Menos amarillo, más ácido: el “Home sweet home” televisivo

Gabriel Arraya, boliviano, vive casi una década en Estados Unidos. Hace labores de jardinería en un poblado suburbio de Virginia, actividad que le permite ganar lo suficiente como para cubrir sus gastos y, además, mandar algunos dólares a su familia. Pero, ya que la vida de Gabriel no es muy interesante, aprovechemos el espacio para hablar de algo más.

Entre las antiguas series televisivas cuya temática gira entorno a la convivencia familiar, quizá “La pequeña casa de la pradera” ocupe un sitial de privilegio en la memoria del público, ya que en ella se explota al máximo el imaginario de la familia perfecta.
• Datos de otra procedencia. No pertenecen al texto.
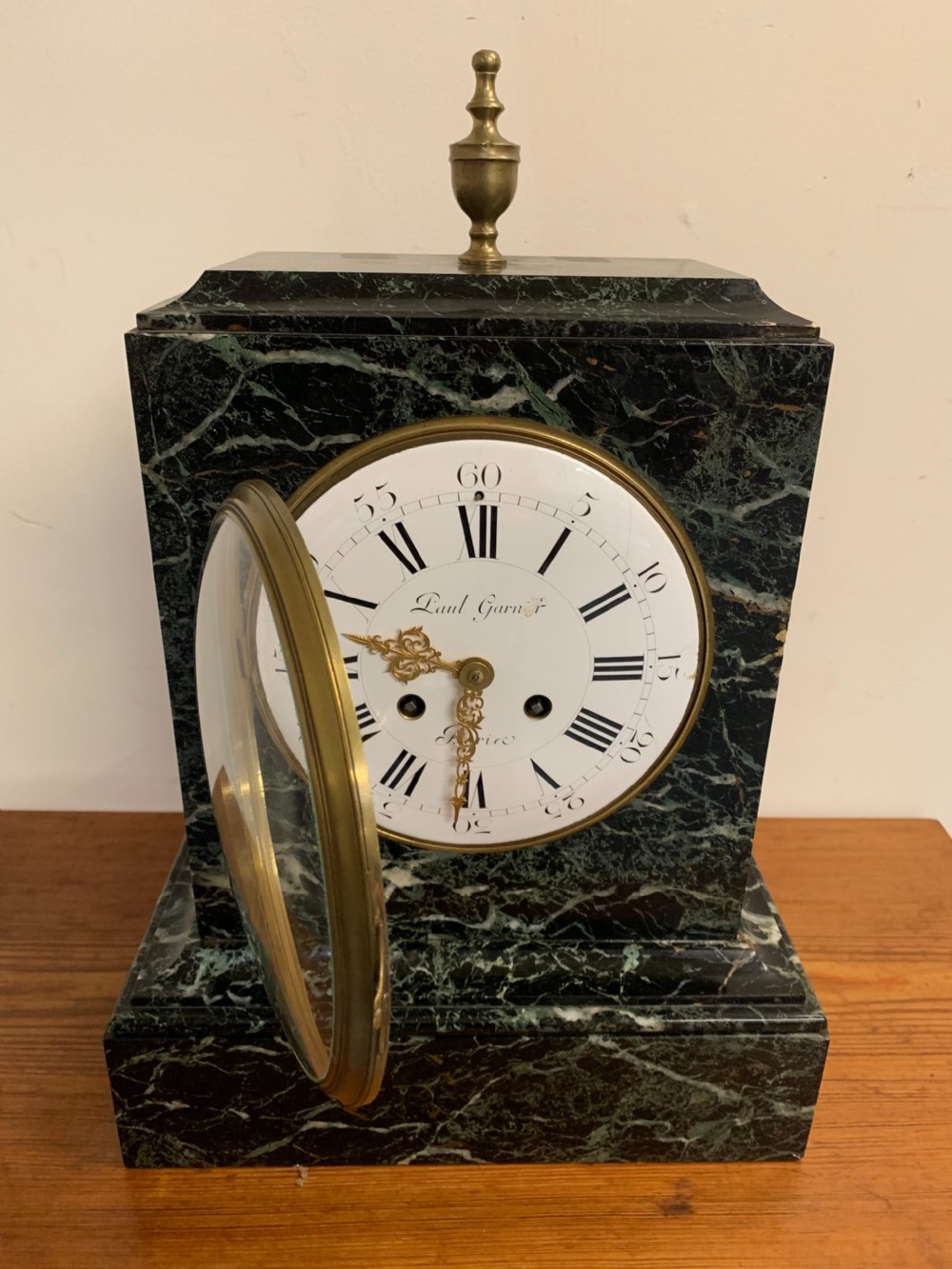 Impressive large marble mantle clock  View XI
Charles y Caroline Ingalls conforman la pareja ideal, son, como se dice, el uno para el otro; tan trabajador él como ella, tan bondadosa ella como él, tan amorosos, honestos y nobles los dos. Sólo Charles merece el amor de Caroline, y ella es la única a quien él podría amar; en cierto modo, los une la imposibilidad de querer a otro (como pareja). En la familia Ingalls todo es amor, comprensión y solidaridad; se prodigan afecto, se brindan ayuda… se aman, en resumidas cuentas.

La televisión gringa de esa época produjo varias series que reflejaban los “problemas” cotidianos de la típica familia norteamericana (“Ocho son suficientes”, “El show de Bill Cosby”, “Lazos familiares”, “Blanco y negro”, etc.). En todas ellas, además de la felicidad, el común denominador era el mensaje positivo que enaltecía valores humanos necesarios para la unión y estabilidad hogareña.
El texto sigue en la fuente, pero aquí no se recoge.